INFORMATION PROVIDED:
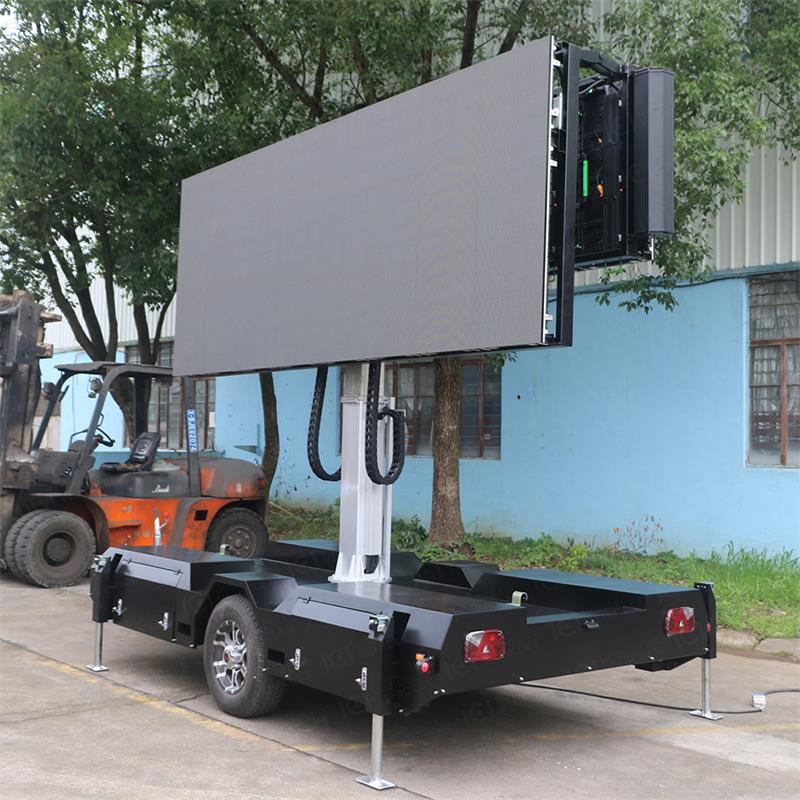 Outdoor mobile LED screen trailer-4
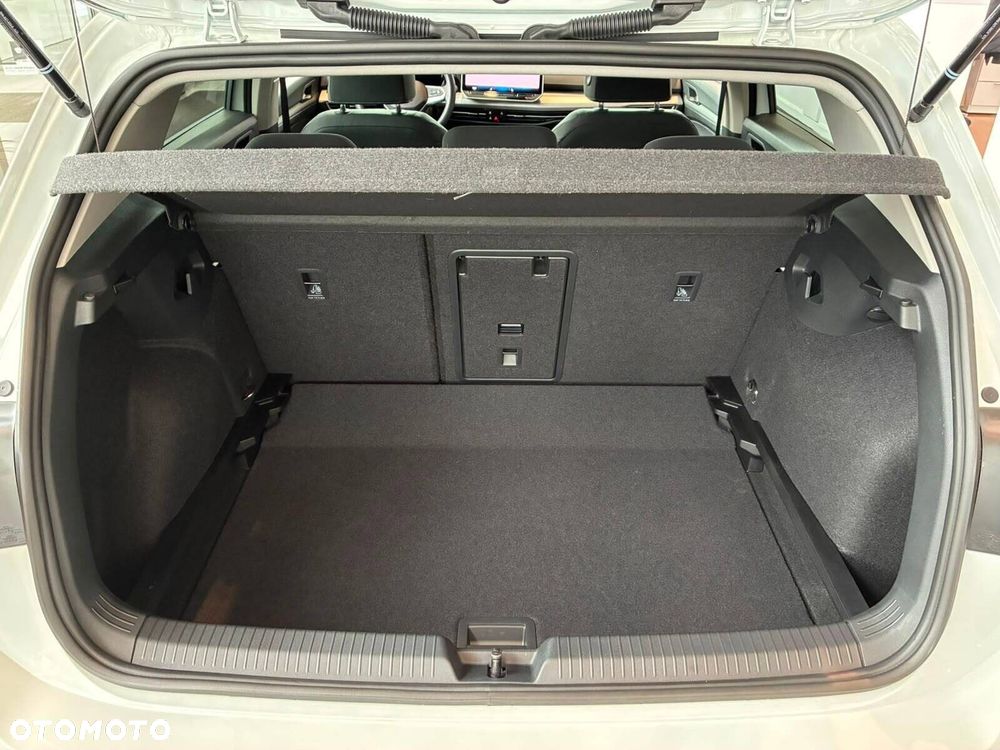 Volkswagen Golf - 26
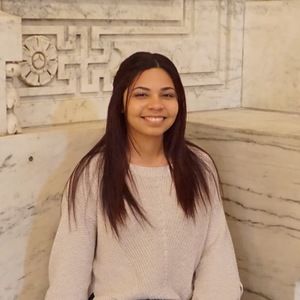 Meet your Posher, Lenee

TASK GOAL: Return the listing verbatim; pictures are not part of the copy.

ANSWER TO THE EXERCISE:
 Outdoor mobile LED screen trailer-4
 Volkswagen Golf - 26
 Meet your Posher, Lenee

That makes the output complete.